The Cuckoo’s Egg, Rewritten for the AI Era

How a decades-old metaphor explains what Anthropic just exposed

Nov 17, 2025

A couple of days ago, Anthropic released a report that many people missed. Back in mid September, they caught a Chinese state sponsored group running what appears to be the first documented cyber espionage campaign where an AI system handled almost the entire operation on its own.

In 1989, Clifford Stoll uncovered one of the first major computer intrusions and turned it into the book The Cuckoo’s Egg1. The metaphor was simple. A cuckoo lays its egg in another bird’s nest, hiding something foreign inside a system that does not know how to recognize the threat. We are watching a version of that story play out again, but this time the nest is an AI system. A state actor slipped a harmful workflow into a model that was not built for this kind of misuse, and it quietly grew into a full intrusion before anyone caught it. The environment was unprepared then, and it is unprepared now.

Anthropic’s investigation makes this clear. The group, labeled GTG 1002, did not use Claude Code as a helper. They used it as the operator. Claude scanned networks, mapped internal systems, identified vulnerabilities, wrote and validated exploit payloads, harvested and tested credentials, moved laterally across environments, and parsed stolen data without waiting for human guidance. Human operators stepped in only at a few decision points.

The campaign targeted about thirty different organizations across technology, finance, chemical manufacturing, and government. Anthropic was able to confirm successful intrusions in a handful of cases. None of this involved custom malware. The attackers wired ordinary penetration testing tools into a custom automation framework and let Claude run everything at machine speed.

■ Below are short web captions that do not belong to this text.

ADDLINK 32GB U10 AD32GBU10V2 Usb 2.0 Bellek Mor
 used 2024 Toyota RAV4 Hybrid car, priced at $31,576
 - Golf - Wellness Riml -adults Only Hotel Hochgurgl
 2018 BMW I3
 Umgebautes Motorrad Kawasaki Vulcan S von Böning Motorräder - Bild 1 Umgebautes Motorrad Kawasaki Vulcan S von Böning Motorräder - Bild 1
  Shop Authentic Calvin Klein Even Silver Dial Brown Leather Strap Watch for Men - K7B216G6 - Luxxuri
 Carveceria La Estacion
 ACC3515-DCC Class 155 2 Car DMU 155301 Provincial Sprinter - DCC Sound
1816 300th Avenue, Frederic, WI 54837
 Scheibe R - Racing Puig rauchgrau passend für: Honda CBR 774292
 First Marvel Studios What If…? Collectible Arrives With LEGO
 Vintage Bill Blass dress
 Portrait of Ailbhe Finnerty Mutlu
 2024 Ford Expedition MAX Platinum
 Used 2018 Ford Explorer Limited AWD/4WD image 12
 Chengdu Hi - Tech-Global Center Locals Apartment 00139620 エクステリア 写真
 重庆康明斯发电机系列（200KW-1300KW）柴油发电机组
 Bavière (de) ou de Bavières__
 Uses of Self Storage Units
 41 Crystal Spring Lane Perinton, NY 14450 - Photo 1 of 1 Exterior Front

How MCP Made This Possible

If you are not familiar with the Model Context Protocol, or MCP, here is the simplest way to understand it. MCP is a universal adapter that lets an AI system talk to outside tools. It does not perform exploitation on its own. What it does is give the model access to whatever you connect to it, including databases, browsers, file systems, code execution tools, APIs, and command line utilities. Instead of being trapped in a text box, the model can pull real context from the outside world and use real tools in structured ways. It can execute code, read and write files, call APIs, run scripts, and maintain state across long workflows2

That capability is what made this attack possible. MCP was not the exploit mechanism. It was the interface layer that allowed Claude to orchestrate standard penetration testing tools at machine speed.

One detail in the report is easy to overlook but impossible to ignore. The operators kept Claude engaged by pretending to be legitimate security staff and breaking the intrusion into small, harmless looking tasks. Each step looked like routine defensive testing, and Claude was never given enough context to see the bigger picture. That framing kept the workflow running long enough to matter. And the only reason the public knows about this campaign at all is because Anthropic chose to disclose it.

When an AI System Became the Operator

With that framing in mind, what Anthropic documented becomes clearer. The attackers did not simply speed up traditional hacking. They placed a foreign workflow inside an AI system and let the model run it. That is the part that changes everything.

For years, people described AI assisted attacks as if the model would always stay in the role of a clever helper. But that is not what Anthropic found. The attackers built their own automation framework around Claude. They supplied the tools. MCP tied everything together. The penetration testing tools did the scanning, payload execution, credential testing, and exploitation. Claude orchestrated all of it.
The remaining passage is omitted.